Sonoma County Sheriff restricts cooperation between jail and ICE

In a compromise with a watchdog official who had criticized his policies, Sonoma County Sheriff Steve Freitas imposed new restrictions Monday on cooperation between local jail officials and federal immigration agents.

The jail will no longer cooperate with U.S. Immigration and Customs Enforcement officials in cases where undocumented immigrants are suspected of committing minor offenses, such as driving without a license.

However, the jail will continue to provide ICE with information about undocumented immigrants who are convicted of serious or violent felonies, as well as a number of other crimes listed in the 2013 Trust Act.
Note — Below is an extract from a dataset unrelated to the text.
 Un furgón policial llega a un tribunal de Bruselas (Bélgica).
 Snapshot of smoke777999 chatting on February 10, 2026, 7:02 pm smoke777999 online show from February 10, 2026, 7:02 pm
That law, supported by immigrant rights groups, blocks county jails from holding inmates for immigration officials when they would otherwise be allowed to go free.
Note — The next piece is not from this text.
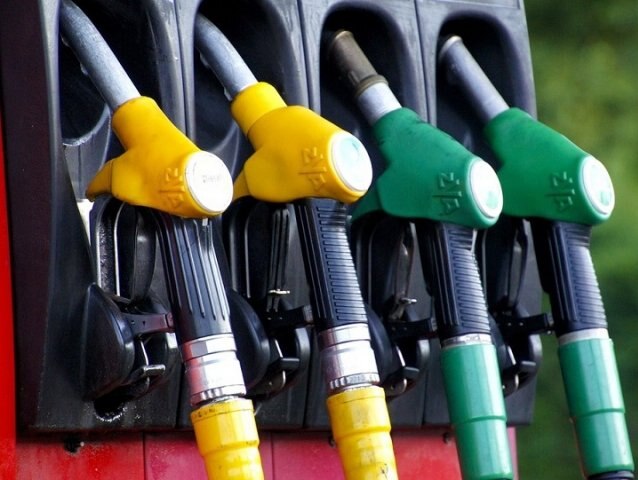 petrol diesel rates got cheaper  ਪੈਟਰੋਲ ਤੇ ਡੀਜ਼ਲ ਦੀਆਂ ਕੀਮਤਾਂ 'ਚ ਗਿਰਾਵਟ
“We are trying to come to some type of mutual understanding and we are agreeing to go by the Trust Act,” said Sgt. Spencer Crum, a spokesman for the Sheriff’s Office.

The announcement comes one month after the county’s independent law enforcement auditor urged Freitas to limit federal immigration agents’ access to information about undocumented inmates at the jail.

“He has responded to the community and he is changing his policies and I think that is significant,” said Jerry Threet, director of the Independent Office of Law Enforcement Review and Outreach.

A 13-page report issued by Threet in March criticized the jail’s policy of complying with any request from federal immigration officials to be alerted before an inmate is released - including cases when a person is let out on bail or freed without ever having been charged with a crime. The policy, Threet said, undermined public safety by making people reluctant to report crimes or cooperate with law enforcement out of fear they may be deported.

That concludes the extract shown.